◆ Exercise aim
Without copying any picture, return all lines below exactly.

◆ Given data
--
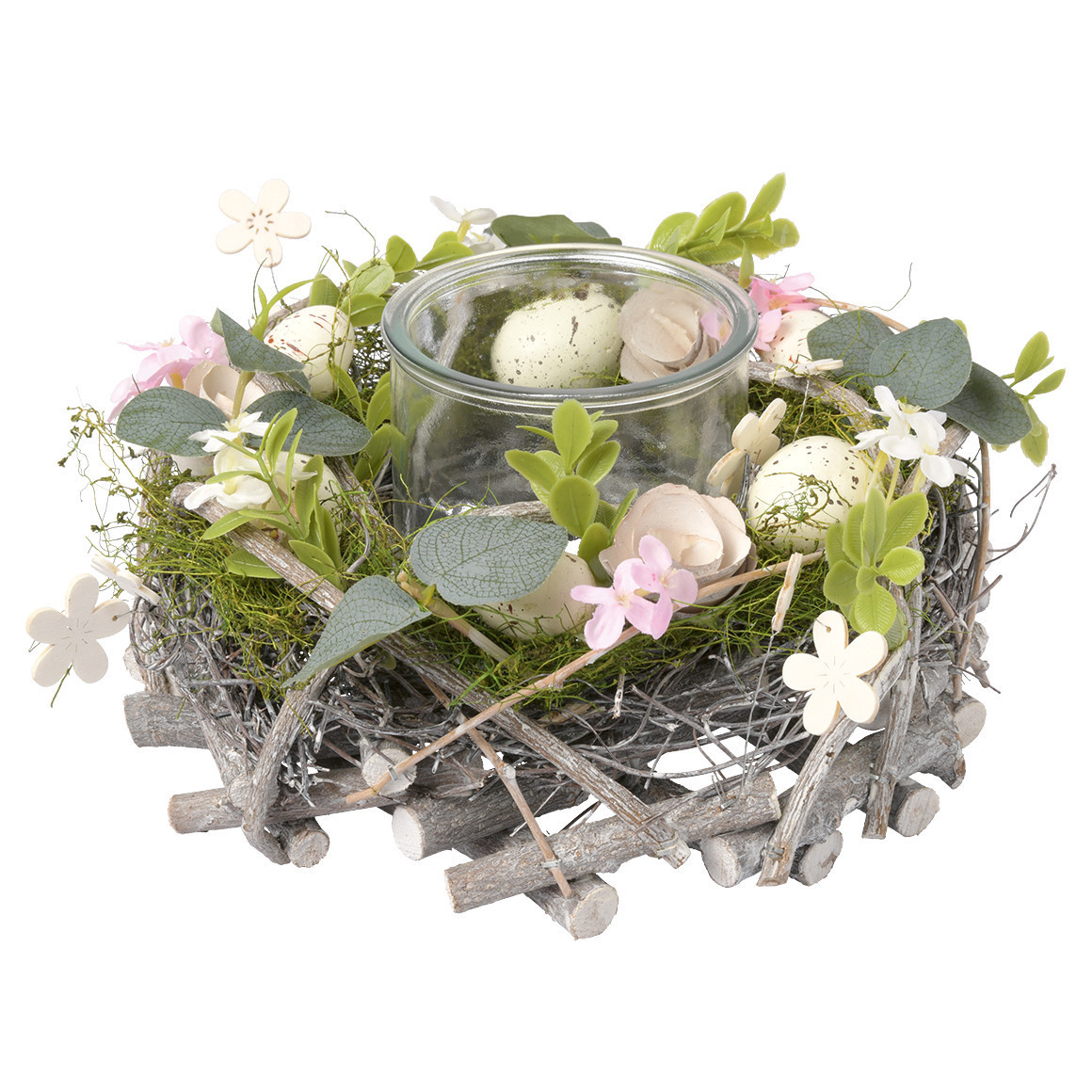 Rustic Spring Nest Tea Light Holder with whitewashed twigs, green moss, pink blossoms, and speckled eggs on a white backgroun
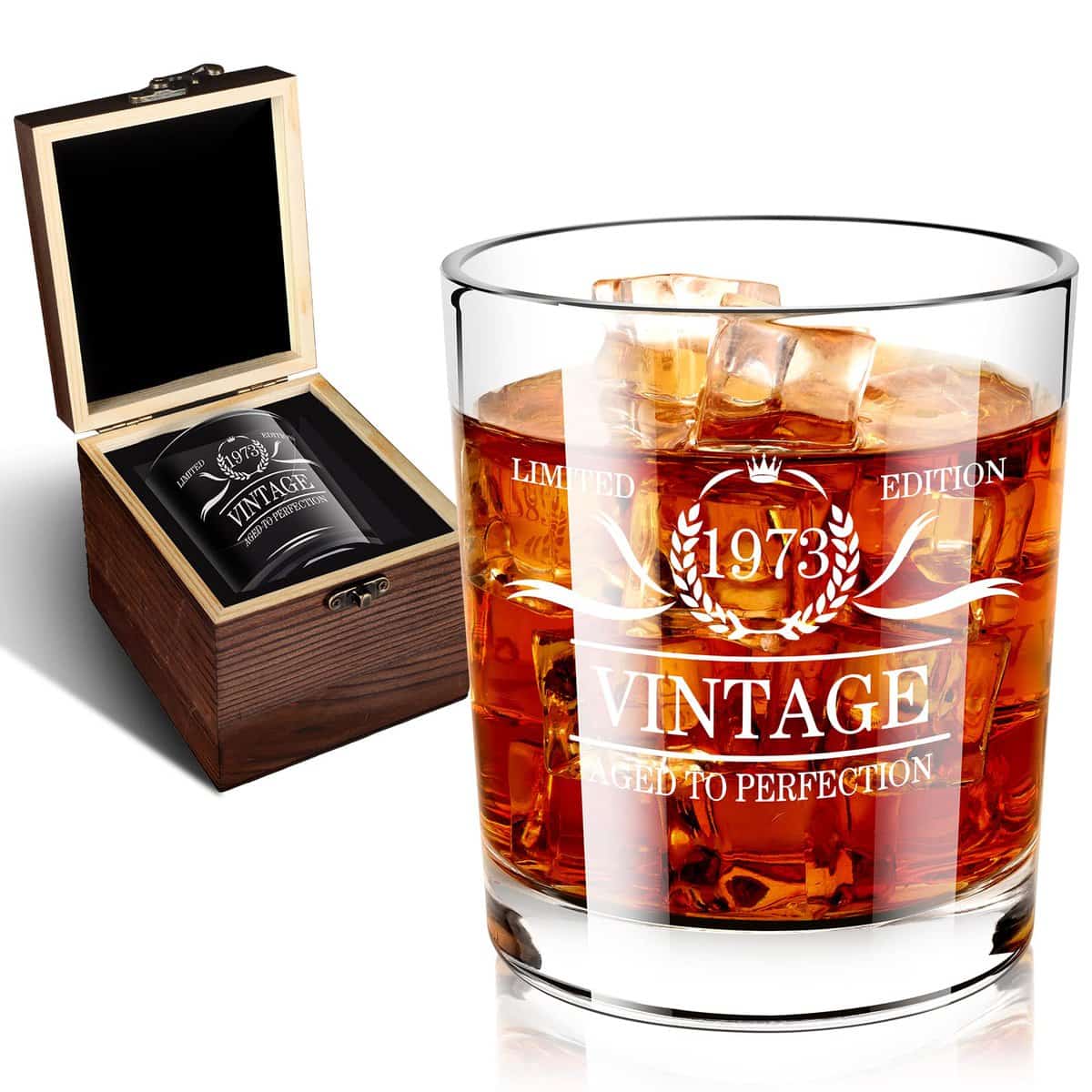 BEYOND MS 50th Birthday Gifts for Men - 50th Birthday Decorations for Dad - 1973 Whiskey Glass in Valued Wooden Box - Anniversary Ideas for Him - 12oz Whiskey Glass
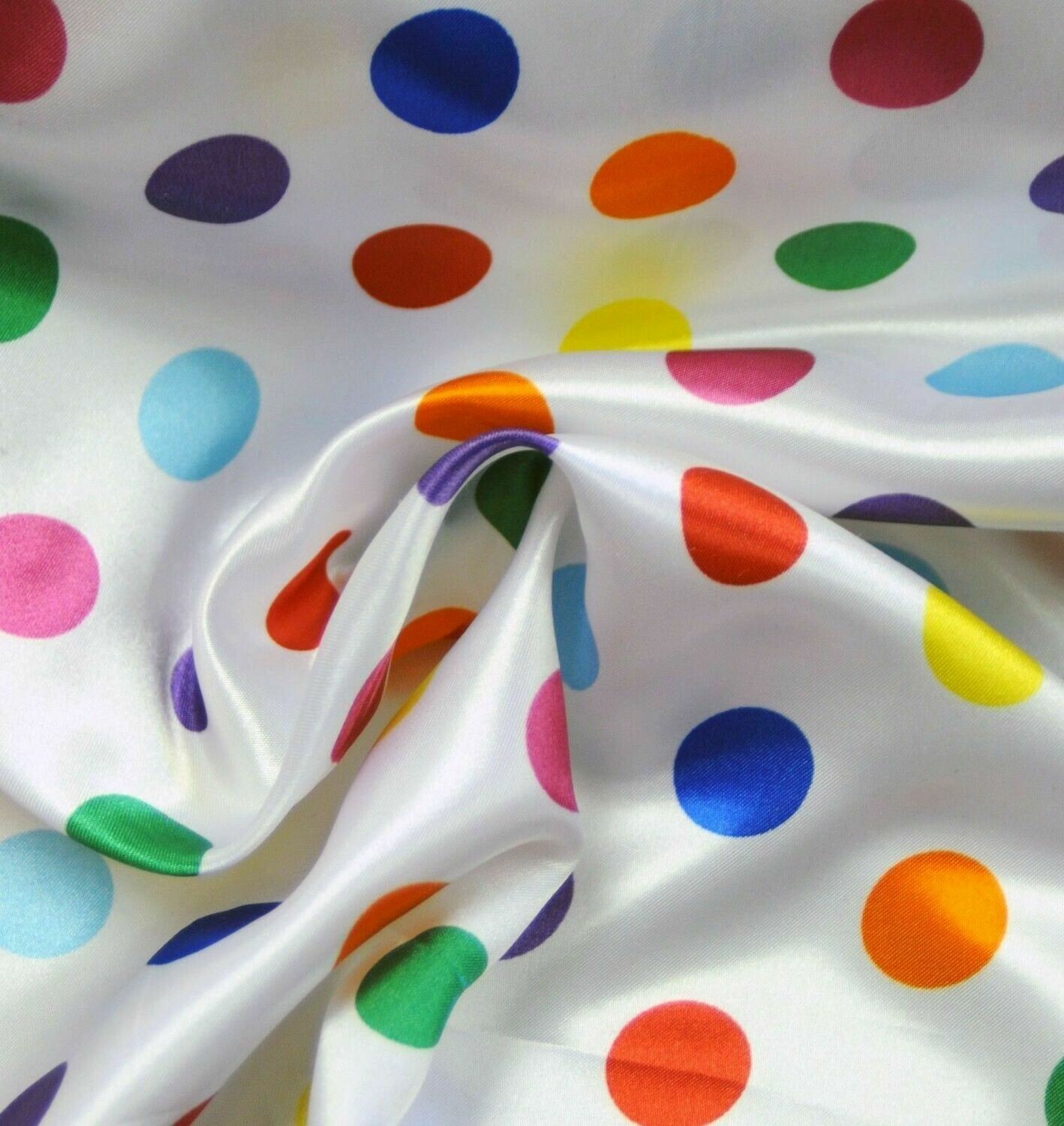Polka Dot RAINBOW White SHINY SATIN 100% Polyester Pantie Lingerie Fabric 60 BTYD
--
◆ Exercise result
 Rustic Spring Nest Tea Light Holder with whitewashed twigs, green moss, pink blossoms, and speckled eggs on a white backgroun
 BEYOND MS 50th Birthday Gifts for Men - 50th Birthday Decorations for Dad - 1973 Whiskey Glass in Valued Wooden Box - Anniversary Ideas for Him - 12oz Whiskey Glass
Polka Dot RAINBOW White SHINY SATIN 100% Polyester Pantie Lingerie Fabric 60 BTYD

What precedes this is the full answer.